V stood up and started to walk towards the door. That was that, she supposed. Her breathing had certainly steadied so she no longer felt her heart was in trouble and the room had stopped spinning. She nipped in to the lavatory to test the urination situation. As she limply lowered herself down to the bowl making full use of the hand rail, she came into direct eye contact with herself. Directly opposite the toilet was a full length mirror. Who the hell wants to watch as they relieve themselves? How is this useful, even to disabled people? She, and (most of) the rest of the world, wondered. She looked at herself and couldn’t have felt more ashamed. Not only were her pants round her ankles and her eyes lolling to the back of her head, she was reminded that she had forgotten to apply any make up to her greyed out face, or to fine-tune her frazzled hairs. And what on earth was she wearing!? 

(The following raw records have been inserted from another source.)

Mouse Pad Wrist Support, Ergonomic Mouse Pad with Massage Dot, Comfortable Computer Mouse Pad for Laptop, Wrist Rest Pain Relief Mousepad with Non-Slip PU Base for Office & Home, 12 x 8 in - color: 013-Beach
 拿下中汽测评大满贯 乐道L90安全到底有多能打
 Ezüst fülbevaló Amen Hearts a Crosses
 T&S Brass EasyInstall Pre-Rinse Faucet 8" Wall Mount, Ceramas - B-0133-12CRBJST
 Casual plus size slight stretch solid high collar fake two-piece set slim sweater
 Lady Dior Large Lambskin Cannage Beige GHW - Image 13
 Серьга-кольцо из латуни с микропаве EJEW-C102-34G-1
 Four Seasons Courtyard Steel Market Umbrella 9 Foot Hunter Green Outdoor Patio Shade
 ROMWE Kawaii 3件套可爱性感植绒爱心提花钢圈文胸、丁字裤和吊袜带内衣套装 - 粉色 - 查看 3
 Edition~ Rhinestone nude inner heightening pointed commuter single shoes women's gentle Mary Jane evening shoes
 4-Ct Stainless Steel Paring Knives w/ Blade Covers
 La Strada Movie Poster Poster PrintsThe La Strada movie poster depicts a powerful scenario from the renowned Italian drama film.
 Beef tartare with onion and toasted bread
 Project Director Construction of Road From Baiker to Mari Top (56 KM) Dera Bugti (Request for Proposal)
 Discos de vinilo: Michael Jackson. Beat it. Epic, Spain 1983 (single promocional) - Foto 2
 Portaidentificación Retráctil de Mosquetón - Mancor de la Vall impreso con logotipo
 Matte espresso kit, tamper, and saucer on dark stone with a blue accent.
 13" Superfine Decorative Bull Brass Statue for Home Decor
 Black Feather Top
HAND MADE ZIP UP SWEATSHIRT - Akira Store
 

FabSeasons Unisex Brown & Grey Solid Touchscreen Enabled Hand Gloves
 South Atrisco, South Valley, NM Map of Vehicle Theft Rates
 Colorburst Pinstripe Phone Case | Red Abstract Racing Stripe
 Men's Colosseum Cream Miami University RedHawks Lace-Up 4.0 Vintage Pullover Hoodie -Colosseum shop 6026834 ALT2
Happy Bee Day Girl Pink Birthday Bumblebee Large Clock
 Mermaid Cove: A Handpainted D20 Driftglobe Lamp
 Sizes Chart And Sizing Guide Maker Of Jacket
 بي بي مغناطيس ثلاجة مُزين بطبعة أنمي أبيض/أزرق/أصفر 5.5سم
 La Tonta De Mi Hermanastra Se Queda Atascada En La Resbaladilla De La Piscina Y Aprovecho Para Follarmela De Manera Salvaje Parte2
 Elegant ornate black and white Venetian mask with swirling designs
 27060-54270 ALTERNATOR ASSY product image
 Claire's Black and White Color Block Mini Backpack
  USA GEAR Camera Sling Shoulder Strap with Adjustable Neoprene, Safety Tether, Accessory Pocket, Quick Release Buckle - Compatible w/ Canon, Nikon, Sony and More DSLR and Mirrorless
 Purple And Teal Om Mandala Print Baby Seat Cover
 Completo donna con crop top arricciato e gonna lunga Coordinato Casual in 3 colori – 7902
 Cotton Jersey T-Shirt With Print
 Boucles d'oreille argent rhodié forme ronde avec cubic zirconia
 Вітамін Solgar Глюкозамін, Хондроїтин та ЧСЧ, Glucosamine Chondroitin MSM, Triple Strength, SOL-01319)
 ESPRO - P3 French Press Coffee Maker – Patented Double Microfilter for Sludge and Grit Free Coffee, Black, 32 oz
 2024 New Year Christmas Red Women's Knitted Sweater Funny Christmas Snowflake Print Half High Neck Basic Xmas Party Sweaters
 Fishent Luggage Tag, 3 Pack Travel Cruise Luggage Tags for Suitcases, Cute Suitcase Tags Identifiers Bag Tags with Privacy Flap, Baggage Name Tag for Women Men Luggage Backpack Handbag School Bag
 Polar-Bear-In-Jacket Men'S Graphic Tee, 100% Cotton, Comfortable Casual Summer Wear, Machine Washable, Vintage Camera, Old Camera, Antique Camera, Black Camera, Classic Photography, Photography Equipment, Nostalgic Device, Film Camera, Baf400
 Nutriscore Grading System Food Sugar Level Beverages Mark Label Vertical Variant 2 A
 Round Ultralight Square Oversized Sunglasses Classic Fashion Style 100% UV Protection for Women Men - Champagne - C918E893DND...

Adequately satisfied that she was pissing in a straight line, she darted home with her head down. Once inside her own sterile sanctuary, she ran a bath. Obviously there was no way she would dream of the doctor’s disgusting dietary recommendations, you only had to look at his hanging waistband and jangling jowls to see the consequences of Mrs Hyatus’s version of “love”. But perhaps she could follow part of his advice. He certainly seemed relaxed. Numbed maybe. She’d settle for that.

She opened a bedside draw to reveal neatly stacked lines of diazepam packets and popped a couple into her freshly scrubbed and gelled hand. Filtered water washed them down her eager gullet and she slid into her lavender and epsom soup.  V’s eyelids began to droop as the nape of her neck dissolved into the hot water. The scented steam increasingly entered her nostrils as the space between them and the water gradually grew smaller. 

Suddenly she heard a familiar voice. Or felt one.